Отец часто вспоминал этого человека и говорил о его заслугах с такой гордостью, как о заслугах своего старшего брата. Мой отец имел два исключительных таланта – он умел любить и радоваться успехам других.
В 1959 году он окончил строительный техникум. Работал сначала – прорабом, потом - старшим прорабом и главным инженером СМУ.
На шутки друзей: «Что ты за строитель такой, если у тебя приличной дачи нет?!» Он, улыбаясь, отвечал: «Пока не заработали, а воровать не научился",
Будучи пенсионером, он дежурил по ночам в приемной мэрии города Набережные Челны ( где они тогда жили) и в шутку называл себя "ночным мэром".
Не все испытания закончились с войной.
В первых числах сентября 1990 года он вдруг начнёт сильно тревожиться за тридцатитрёхлетнего сына Виктора, который жил в Казани.
И быстро собравшись, они с мамой отправятся его навестить.
Они опоздают на два дня. Отец обнаружит тело убитого зверски сына в незапертой квартире. Убийцу найдут, осудят на восемь лет.
В 80 лет они с мамой опять вернутся в Казань.
Мой отец в свои 82 года, находясь в здравом уме и твёрдой памяти, понимая, что сердце изношено, и он угасает, спокойно рассказывал, как и где его похоронить, как добиться разрешения о захоронении на закрытом кладбище.
Заставил маму с сыном осенью съездить туда, чтобы знать, как пройти к могилам самым коротким путём.

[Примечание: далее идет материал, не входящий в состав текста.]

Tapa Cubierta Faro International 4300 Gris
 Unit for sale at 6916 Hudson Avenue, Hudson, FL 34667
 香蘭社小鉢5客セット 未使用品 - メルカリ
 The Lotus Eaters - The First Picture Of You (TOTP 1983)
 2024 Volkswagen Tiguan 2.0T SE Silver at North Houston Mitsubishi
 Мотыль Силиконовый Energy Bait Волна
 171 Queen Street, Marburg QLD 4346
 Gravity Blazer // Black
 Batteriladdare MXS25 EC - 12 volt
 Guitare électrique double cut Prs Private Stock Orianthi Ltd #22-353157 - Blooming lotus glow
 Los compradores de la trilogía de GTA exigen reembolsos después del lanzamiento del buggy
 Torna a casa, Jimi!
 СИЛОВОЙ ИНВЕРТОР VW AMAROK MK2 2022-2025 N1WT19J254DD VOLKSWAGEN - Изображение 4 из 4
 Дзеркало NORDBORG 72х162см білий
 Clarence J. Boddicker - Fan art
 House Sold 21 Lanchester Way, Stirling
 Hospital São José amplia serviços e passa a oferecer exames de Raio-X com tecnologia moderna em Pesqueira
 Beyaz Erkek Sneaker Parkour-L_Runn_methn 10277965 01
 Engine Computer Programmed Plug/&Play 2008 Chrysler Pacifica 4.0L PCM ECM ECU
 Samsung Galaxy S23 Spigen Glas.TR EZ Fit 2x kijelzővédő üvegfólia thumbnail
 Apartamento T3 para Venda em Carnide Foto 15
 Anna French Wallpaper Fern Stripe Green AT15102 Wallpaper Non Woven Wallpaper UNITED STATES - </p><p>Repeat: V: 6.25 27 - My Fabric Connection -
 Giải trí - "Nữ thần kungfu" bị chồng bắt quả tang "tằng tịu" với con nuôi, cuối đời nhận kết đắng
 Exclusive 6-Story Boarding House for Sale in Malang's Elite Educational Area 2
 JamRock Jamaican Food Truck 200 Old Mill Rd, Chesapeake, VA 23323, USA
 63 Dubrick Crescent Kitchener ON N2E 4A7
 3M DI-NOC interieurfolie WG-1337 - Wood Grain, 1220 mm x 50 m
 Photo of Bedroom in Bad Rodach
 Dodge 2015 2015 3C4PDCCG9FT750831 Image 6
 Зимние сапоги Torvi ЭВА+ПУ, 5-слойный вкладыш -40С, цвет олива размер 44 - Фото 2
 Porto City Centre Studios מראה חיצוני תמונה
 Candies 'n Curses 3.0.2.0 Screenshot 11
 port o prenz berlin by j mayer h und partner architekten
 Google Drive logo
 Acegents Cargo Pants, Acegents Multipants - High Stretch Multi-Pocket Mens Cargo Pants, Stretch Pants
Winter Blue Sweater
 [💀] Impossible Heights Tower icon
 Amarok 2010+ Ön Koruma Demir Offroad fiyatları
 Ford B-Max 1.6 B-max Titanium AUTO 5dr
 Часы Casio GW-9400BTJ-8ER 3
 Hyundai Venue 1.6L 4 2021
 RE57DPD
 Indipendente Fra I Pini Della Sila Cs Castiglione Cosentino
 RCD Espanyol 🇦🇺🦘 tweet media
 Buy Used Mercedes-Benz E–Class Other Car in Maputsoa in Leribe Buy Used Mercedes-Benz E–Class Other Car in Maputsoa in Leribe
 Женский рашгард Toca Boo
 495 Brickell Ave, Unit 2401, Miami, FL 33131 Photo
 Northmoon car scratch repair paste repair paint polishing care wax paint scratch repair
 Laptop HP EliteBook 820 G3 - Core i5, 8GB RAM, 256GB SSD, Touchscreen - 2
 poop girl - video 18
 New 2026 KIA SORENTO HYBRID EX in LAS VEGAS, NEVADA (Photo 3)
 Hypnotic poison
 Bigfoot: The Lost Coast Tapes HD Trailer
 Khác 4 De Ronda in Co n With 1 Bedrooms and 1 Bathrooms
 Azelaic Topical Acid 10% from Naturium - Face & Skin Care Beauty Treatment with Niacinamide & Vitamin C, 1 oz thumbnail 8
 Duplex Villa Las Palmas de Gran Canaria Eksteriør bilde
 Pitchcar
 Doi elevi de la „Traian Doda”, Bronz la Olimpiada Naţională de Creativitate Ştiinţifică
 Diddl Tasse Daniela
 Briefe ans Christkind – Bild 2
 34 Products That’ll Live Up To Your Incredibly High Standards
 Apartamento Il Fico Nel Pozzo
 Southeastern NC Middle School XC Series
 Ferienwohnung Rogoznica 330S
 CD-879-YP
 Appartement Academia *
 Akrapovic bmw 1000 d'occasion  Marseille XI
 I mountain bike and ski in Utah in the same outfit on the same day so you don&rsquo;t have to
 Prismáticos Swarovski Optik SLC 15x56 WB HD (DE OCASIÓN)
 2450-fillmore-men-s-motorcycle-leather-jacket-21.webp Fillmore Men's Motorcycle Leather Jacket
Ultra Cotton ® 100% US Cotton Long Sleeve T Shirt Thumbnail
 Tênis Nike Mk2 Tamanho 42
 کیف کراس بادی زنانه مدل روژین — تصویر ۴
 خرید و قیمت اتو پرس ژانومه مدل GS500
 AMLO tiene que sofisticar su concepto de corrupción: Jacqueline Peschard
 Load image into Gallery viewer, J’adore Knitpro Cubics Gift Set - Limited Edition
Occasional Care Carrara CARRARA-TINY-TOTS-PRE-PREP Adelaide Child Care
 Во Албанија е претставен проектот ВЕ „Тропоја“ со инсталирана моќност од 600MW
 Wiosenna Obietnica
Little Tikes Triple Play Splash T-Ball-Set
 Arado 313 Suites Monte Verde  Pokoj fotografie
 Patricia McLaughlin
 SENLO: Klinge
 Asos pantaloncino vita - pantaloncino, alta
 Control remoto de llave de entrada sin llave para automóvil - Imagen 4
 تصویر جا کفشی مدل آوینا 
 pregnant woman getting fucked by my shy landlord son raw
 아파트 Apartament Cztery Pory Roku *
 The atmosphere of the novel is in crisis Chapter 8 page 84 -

Он умер от сердечного приступа на руках своей Матулёчек в Сочельник – 6 января 2010 года.
Зима в тот год выдалась снежной. Старое кладбище никто от снега не чистил. И три Александра: сын, муж и сват – в три лопаты расчищали проход к могилам бабы Вассы и Виктора.
Когда восьмого января похоронная процессия подъехала к воротам старого кладбища, там нас уже ждали могильщики с широкими санями.
Гроб поставили на сани и медленно покатили по (точно по размеру) очищенной дорожке. Возле выкопанной могилы остановились, чтобы проститься.
День был морозный – градусов двадцать. А небо сплошь затянуто уже облаками. И вдруг, в морозной тишине лёгкий ветерок чуть тронул макушку стоящей у могилы сосны, и сухой снежок осыпал всех нас, стоящих у гроба. Я подняла взгляд к сосне, и в это время пробившийся тоненький лучик скользнул по лицу. Это мой папа прощался с нами.